Grundstück in Hörstel war eine gute Wahl

Launig und anschaulich blätterte Oberforstrat i.R. Dr. Klaus Offenberg die Geschichte der Kirche auf. Er forscht ehrenamtlich zur Heimat- und Ortsgeschichte Hörstels. „Eine bessere Wahl für ein Grundstück der Kirche als das auf dem Harkenberg hätten die Protestanten damals nicht treffen können“, betonte er. „Aber warum steht der Altar nicht im Osten und der Turm nicht im Westen?“, fragte er die interessierten Zuhörer. Martin Pfuhl hat da so eine Idee: Vom Hügel aus schaut man direkt zum neuen Bahnhof Hörstel. Dahinter lag das Dorf. Und mit der Fensterrosette blickt der segnende Christus direkt nach Hörstel. Pfuhls Theorie: Der Baumeister hat dieses Bild absichtlich Richtung katholische Kirche Hörstel geplant, sozusagen als Kontrapunkt.

Das Lagerbuch war 40 Jahre verschollen

Abenteuerlich gestaltete sich auch die Situation um das Lagerbuch der Ev. Kirche Hörstel von 1911, ein handschriftliches Verzeichnis, in dem alle Besitztümer wie Kirchengebäude oder Forsthäuser aufgeführt werden. „Das Buch“, so Dr. Offenberg“, war 40 Jahre verschwunden. Eines Tages habe ihn Wilhelm Elling, der ehemalige Leiter des Hamaland-Museums Vreden, angerufen. Er erzählte, dass das Buch auf dem Flohmarkt in Aalten/Niederlande angeboten worden sei. Das Ehepaar Pfuhl machte sich auf den Weg und kaufte das Buch für 200 € zurück. „Gut, dass wir das Buch wieder haben“, freut er sich. „Wir wollen einiges wieder so herrichten, wie es Architekt Karl Siebold einst geplant hat.“ Das Rosettenfenster mit dem Christusbild wurde inzwischen restauriert. Zum Advent wird es von innen angestrahlt.

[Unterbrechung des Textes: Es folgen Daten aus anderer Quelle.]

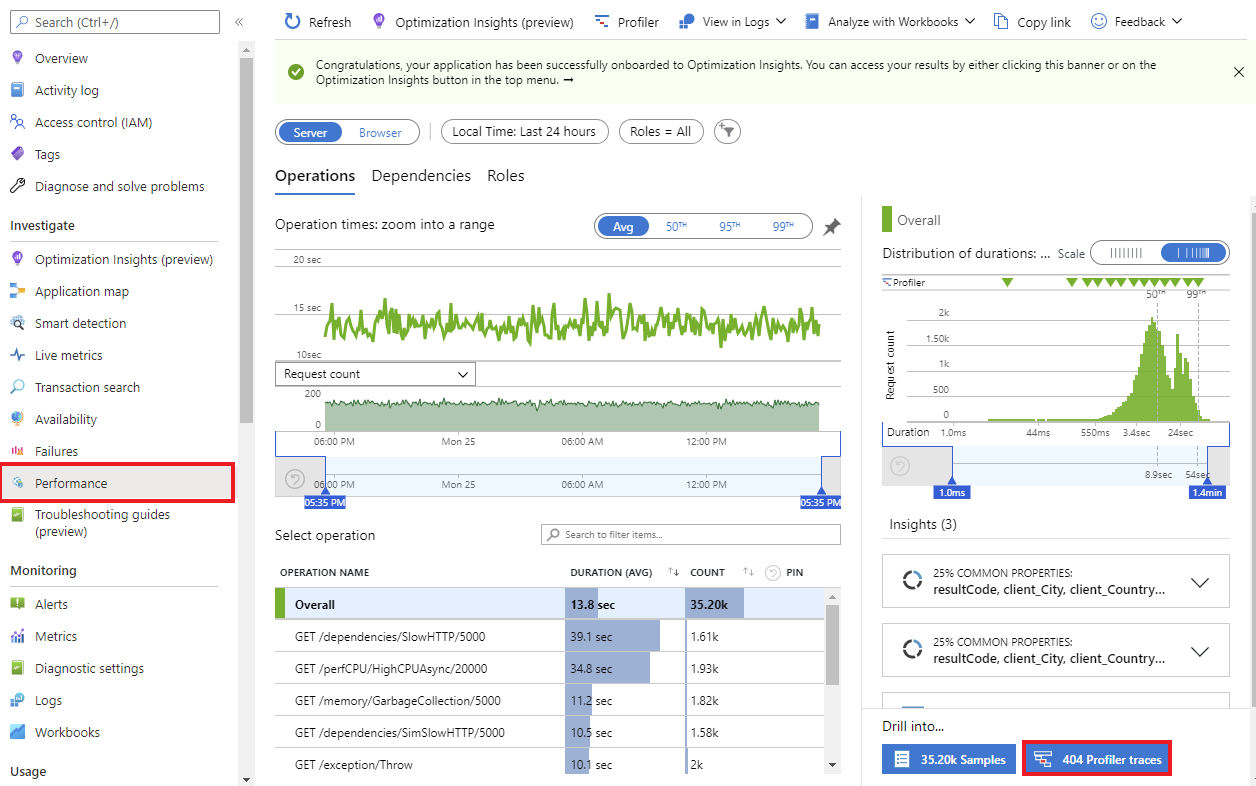 Screenshot that shows the .NET Profiler traces button in the Performance pane.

Kreisvikar erteilte Konfirmandenunterricht im Wartesaal des Bahnhofs

Mit der Eröffnung der ersten Eisenbahnstrecke von Osnabrück nach Rheine im Jahr 1856 vermehrte sich die Anzahl der evangelischen Christen in Hörstel. 1891 wurde in der Nähe des Bahnhofs eine Glashütte erbaut. Hier arbeiteten viele evangelische Glasbläser, deren Kinder Konfirmandenunterricht benötigten. „Damals befand sich die nächste evangelische Kirche in Ibbenbüren“, berichtete Dr. Klaus Offenberg. Superintendent Trockels beauftragte den Kreisvikar Schmiesing deswegen, neun Wochen lang je einmal wöchentlich zu diesem Zweck nach Hörstel zu kommen. „Das lief bis Januar 1892 so, bis die Glashütte Konkurs anmeldete“, so der Referent. Das Bedürfnis nach einer eigenen evangelischen Schule entstand. Da noch immer kein Kirchengebäude für den Konfirmandenunterricht zur Verfügung stand, erteilte das königliche Konsistorium die Genehmigung, die Kinder im Wartesaal III. und IV. Klasse des Bahnhofsgebäudes zu unterrichten. Das gesamte Ensemble aus Kirche, Schule und Pfarrhaus entstand dann in kurzer Zeit zwischen 1901 und 1904.

Christliche Botschaft setzt Friedensimpulse

„Menschen sind das Wichtigste in der Kirche“, unterstrich Hans Werner Schneider, der Vorstandsvorsitzende der Stiftung Denkmalwerte Kirchen im Kirchenkreis Tecklenburg, in seiner Ansprache. Die Kirche verstehe er als das Haus der lebendigen Steine. Von ihr und der christlichen Botschaft gingen Friedensimpulse für das Leben und die Gesellschaft aus. In diesem Zusammenhang wies er darauf hin, dass es im Kirchenkreis 21 denkmalwerte Kirchen gibt, die mit der Unterstützung der Stiftung erhalten werden könnten. Marlies Beckemeyer, Mitglied des Vorstands der Stiftung, freute sich über die gute Beteiligung am Stiftungsabend. Sie stellte das Ergebnis des Rechnungsjahrs 2018 der Stiftung vor. Sie lud alle dazu ein, nachhaltig für die Erhaltung historischer Kirchen zu spenden oder zu stiften.